Saturday, 05 de October de 2024 ISSN 1519-7670 - Ano 24 - nº 1308

Nanodicionário de termos e expressões indevidos, v. 10

São usados equivocadamente na mídia brasileira:

>> “Acelerar” (por “acelerar-se”). Mais um caso de supressão indevida do pronome. Manchete do O Estado de S.Paulo de 11/1/2013: “Inflação acelera e Planalto se rende a juros maiores em 2014.” O redator quis dizer “se acelera” (cabia na medida de três linhas de 21 toques). (Quis dizer também que o jornal fustiga o governo – “e Planalto se rende” –, mas essa é outra história; um tanto patética.) Se “inflação” fosse um piloto de corrida, poderia “acelerar”. Quando o verbo não adquire forma pronominal, ele é transitivo direto ou intransitivo. “Inflação acelera reforma da economia”, exemplo de uso como transitivo direto. “Gosta de acelerar na curva”, intransitivo. Escrever como está na primeira página do Estadão equivale a algo assim: “O ônibus desviou do pedestre e bateu num poste”, ou “O presidente reuniu com os ministros”. Não são ocorrências infrequentes, lamentavelmente, mas é raro é encontrar algo assim numa manchete de jornal.

>> “Campus” (por “câmpus” ou campus, em itálico). Reina nos últimos anos, especialmente após o advento da internet, uma crescente desordem na grafia de palavras estrangeiras. Contribuem para isso os dicionários que não escrevem em itálico as entradas de verbetes de palavras estrangeiras, como o Aulete (o Houaiss usa itálico nesses casos). Esse desmazelo é antidemocrático. As pessoas que têm um repertório vocabular mais vasto não se apertam (às vezes, sim, e dão vexame; pode-se dizer que todo indivíduo que passou pelo planeta e falou cometeu erros de pronúncia, embora isso não seja consolo). As outras pessoas, quando se deparam com uma palavra escrita que nunca ouviram, precisam usar as normas disponíveis para saber pronunciá-la (desde que tais normas sejam devidamente ensinadas, o que, como se sabe, é difícil). Quando se escreve “campus” em redondo, sem indicar que é palavra de outra língua (latim), poder-se-ia em tese induzir o leitor a ler “campús”. Acontece que, não custa repetir, todas as palavras terminadas em “i” e “u” (seguidas ou não de “s”) são oxítonas a menos que haja acento gráfico indicando outra coisa: “caqui”/ “cáqui”; “anus” (aves)/ “húmus”. (Existem exceções: palavras oxítonas terminadas em “i” e “u” são acentuadas quando precedidas de vogal que não forma ditongo com o “i” ou o “u”, como em “baú” ou “Piauí”). O jornal O Estado de S.Paulo usa, corretamente, “câmpus” (singular e plural, evidentemente; não vá algum estafermo imaginar que se possa escrever “câmpuses”, como se escreve “obuses”; em latim, como sabe todo leitor do Observatório, o plural é campi; a aportuguesada câmpus é palavra de dois números – como ônus, bônus etc.).

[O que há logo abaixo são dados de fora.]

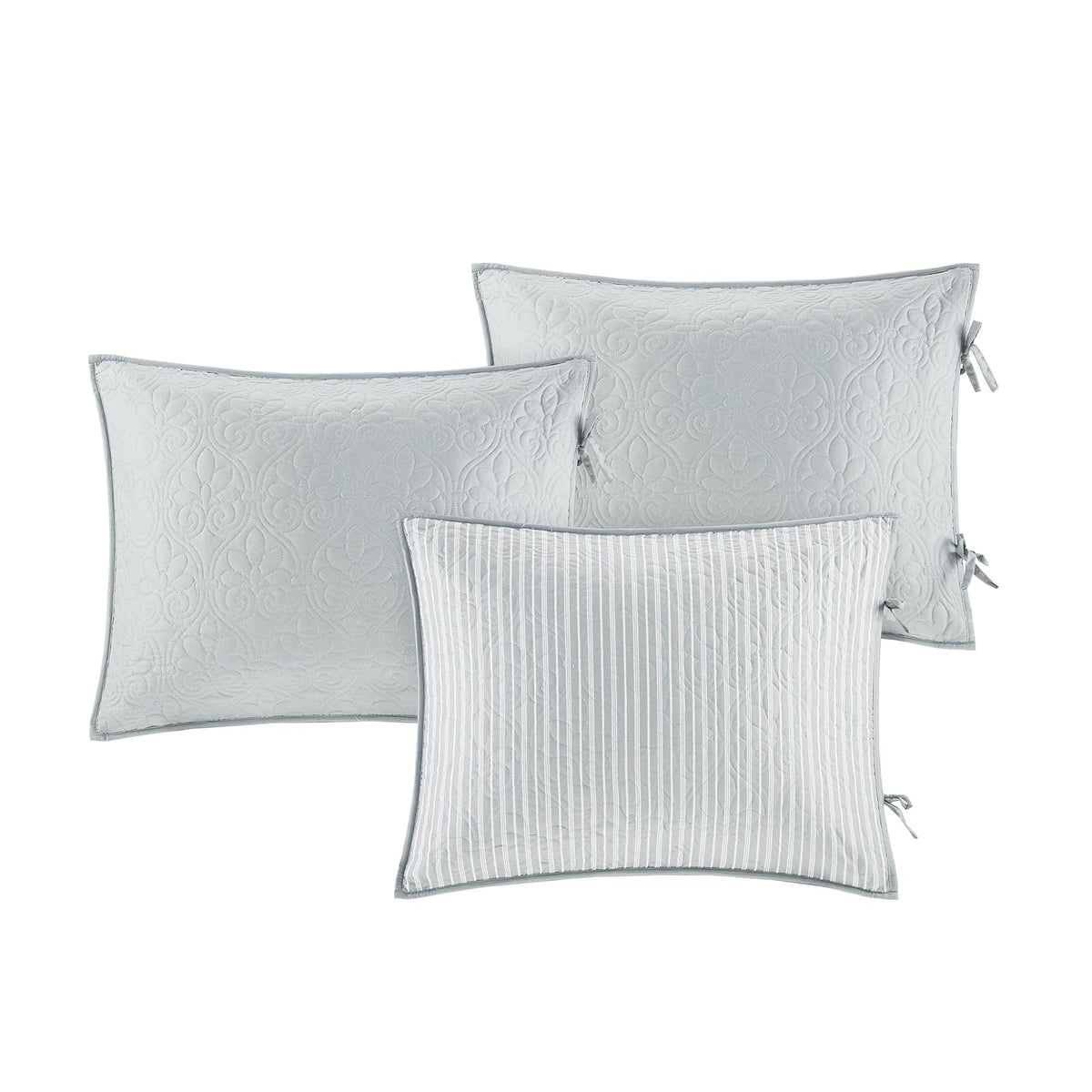 Madison Park Juego de Funda de Algodón para Sofá Cama, 75 X 39 Pulgadas, Gris Quebec, 6 Piezas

Mas o Estadão não merece nenhum prêmio por isso. Como os demais jornais e revistas, não segue nenhum padrão discernível na grafia de palavras estrangeiras. Por exemplo, também usa “glamour” como se fosse palavra vernácula (“Passarela do SPFW fala de natureza, glamour e política”, 2/11/2013). Ora, ou bem se usa glamour assinalando que se trata de palavra estrangeira (da língua inglesa, pelo escocês, a partir de grammar, inglês), ou bem se escolhe uma das duas formas que se fixaram por aqui passando pela pronúncia francesa da palavra inglesa (como o “Oswáld” de Oswald de Andrade): glamor ou glamur (Aulete online). (Notar que a pronúncia da palavra como paroxítona, em português, requereria a colocação de um acento circunflexo em “gla”: “glâmor”, “glâmur”, o que a tornaria ininteligível aos olhos e ouvidos do falante atual da língua portuguesa.) Domingos Paschoal Cegalla (Dicionário de dificuldades da língua portuguesa, 3a ed., Rio de Janeiro, Lexikon, 2009) prefere que nem se use glamour: “Anglicismo dispensável. Prefira-se: fascínio, fascinação, atração, encanto, sedução, etc.” A hesitação na hora de usar itálico em palavra estrangeira é uma decorrência da existência de palavras que entraram no português sem aportuguesamento, do jeito que vieram: “show” é talvez o exemplo mais notório (o Vocabulário Ortográfico da Língua Portuguesa, da Academia Brasileira de Letras, não dá “show”, mas dá “showmício” [sic]; vai entender…).